A majority of hourly workers around the world believe their employer has violated laws or rules governing overtime in their region, according to a recent survey.
The survey, which looked at hourly wage workers in Australia, Brazil, Canada, China, France, India, Mexico, the United Kingdom and the United States, found a majority in every region — except the U.S. (47 per cent) — believe their employers had at some point violated overtime rules. Workers in China were most likely (88 per cent) to believe their employers violated overtime rules.
"Our survey looked at employee perceptions,” said Joyce Maroney, director of the Workforce Institute, a think tank at Mississauga, Ont.-based Kronos, which commissioned the survey. “But regardless of the actual state of affairs, if employees perceive that their employer is out of compliance, that employer is at risk.”
The survey also looked at the frequency of overtime around the world and employee perceptions of how fairly their employers provide overtime.

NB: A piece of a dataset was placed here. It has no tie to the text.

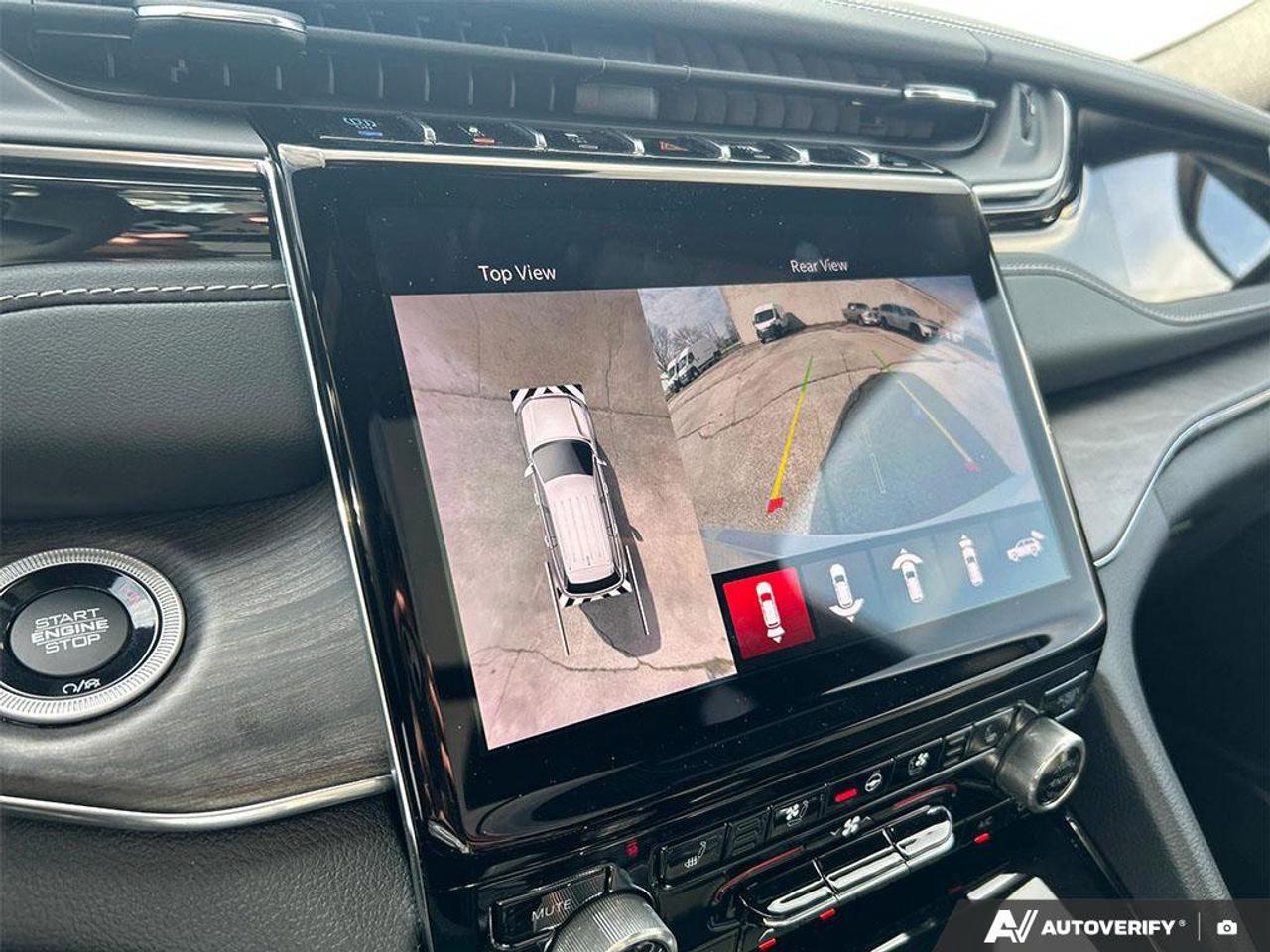 2023 Jeep Grand Cherokee 4xe Overland | Navigation | Leather | Sunroof | Rain Sensing Wipers | Remote Start | Apple Carplay | Photo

In all regions surveyed — except France (39 per cent) — more than one-half of workers said their employer offered them the opportunity to work overtime hours (defined as more than their regularly scheduled work hours at either a higher rate of pay or in return for paid time off). The area with the greatest amount of overtime is India (82 per cent). In Canada, 52 per cent of hourly wage workers in Canada said they were offered the opportunity to work overtime.
The survey also found a high percentage of workers around the world are required by their employer to work overtime. The greatest percentage of workers required to work overtime was in India (68 per cent) and in China (67 per cent). Workers in Mexico (24 per cent) and Canada (20 per cent) were least likely to be required to work overtime.
The opportunity to work additional hours for a higher rate of pay or additional paid time off was very appealing to employees, the survey said. The majority of workers in every region surveyed said they were happy with the amount of overtime hours they worked or wished they could work more. Brazil, Canada, and the U.S had the greatest number of workers happy to work overtime (92 per cent), while workers in China were the least happy to work overtime (61 per cent).
The survey was conducted online by Harris Interactive from July 13-17, 2012, among 583 adults in the United States who are employed full- or part-time and paid an hourly wage aged 18 and older. From July 17-26, 2012, a total of 1,662 adults employed full- or part-time aged 16 to 64 were surveyed within Great Britain, France, Australia, China, Canada, Mexico, India and Brazil.